The BPU must implement a renewable energy credit program and
solicit for projects to generate 1,100 megawatts of electric power.
“This is great news for the people of New Jersey and a
positive step forward in bringing offshore wind to the state,” said Thomas
Brostrom, president of Orsted North America. The company holds a lease to
develop Ocean Wind, a project with the potential to generate 1,000 megawatts of
offshore wind about 10 miles off Atlantic City.
That’s enough to supply energy for 500,000 homes, Brostrom
has said. It is on track to open between 2020 and 2025 if renewable energy
credits are in place.
A second major wind development off the Jersey Shore is
planned for 183,353 acres leased by U.S. Wind Inc., while a small, 24-megawatt
offshore wind project by Fishermen’s Energy failed to meet federal government
deadlines to get funding. Its cost of providing energy was deemed too high by
New Jersey officials.
The order sends a clear message that New Jersey is serious
about being the greenest state in the country, while creating good-paying,
clean-energy jobs, said Ed Potosnak, executive director of the New Jersey
League of Conservation Voters.
“It’s hard to think of a more appropriate location than
Atlantic City for this announcement — a city that is both on the frontlines of
climate change and brimming with economic potential,” Potosnak said.

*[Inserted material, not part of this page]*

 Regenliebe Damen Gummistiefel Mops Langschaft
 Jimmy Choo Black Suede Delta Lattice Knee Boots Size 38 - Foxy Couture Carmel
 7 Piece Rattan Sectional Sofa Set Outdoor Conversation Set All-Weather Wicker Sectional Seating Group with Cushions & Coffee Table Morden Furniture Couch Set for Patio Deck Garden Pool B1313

New Jersey Audubon President and Chief Executive Officer
Eric Stiles said his organization is happy that protection of wildlife is built
into the plan.
“New Jersey has to live up to its responsibility for global
warming, given how much of the coast is at stake for sea level rise,” Stiles
said.
On Monday, Murphy signed an executive order requiring the
DEP and BPU to take steps for New Jersey to rejoin the Regional Greenhouse Gas
Initiative.
And on Thursday, state Sen. Patrick Diegnan, D-Middlesex;
Assemblyman Tim Eustace, D-Bergen, Passaic; and several environmental
organizations will hold a press conference in Trenton on two clean-energy bills
(A1823 and S1405). They will require New Jersey to move to 100 percent clean
energy by 2035.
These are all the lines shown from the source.